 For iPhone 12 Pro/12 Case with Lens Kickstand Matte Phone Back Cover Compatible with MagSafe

* * *

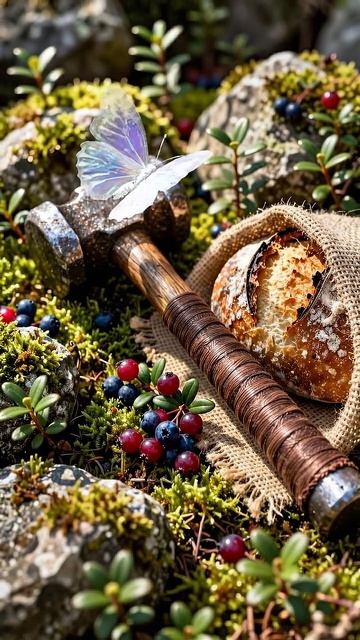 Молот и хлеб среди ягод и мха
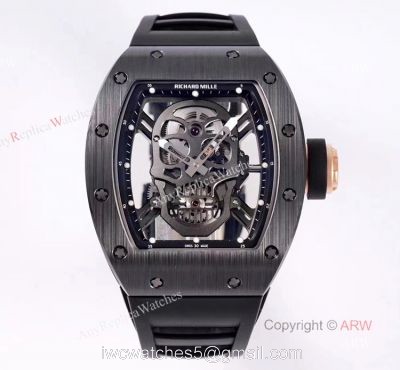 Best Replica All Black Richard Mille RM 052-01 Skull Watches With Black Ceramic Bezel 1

* * *

Transcribe, from the material above, the stretch starting at the line with "Молот и хлеб среди ягод и мха" and ending at the line with "Best Replica All", both included, exactly. Do not carry over pictures.

RESPONSE TO THE EXERCISE –
 Молот и хлеб среди ягод и мха
 Best Replica All Black Richard Mille RM 052-01 Skull Watches With Black Ceramic Bezel 1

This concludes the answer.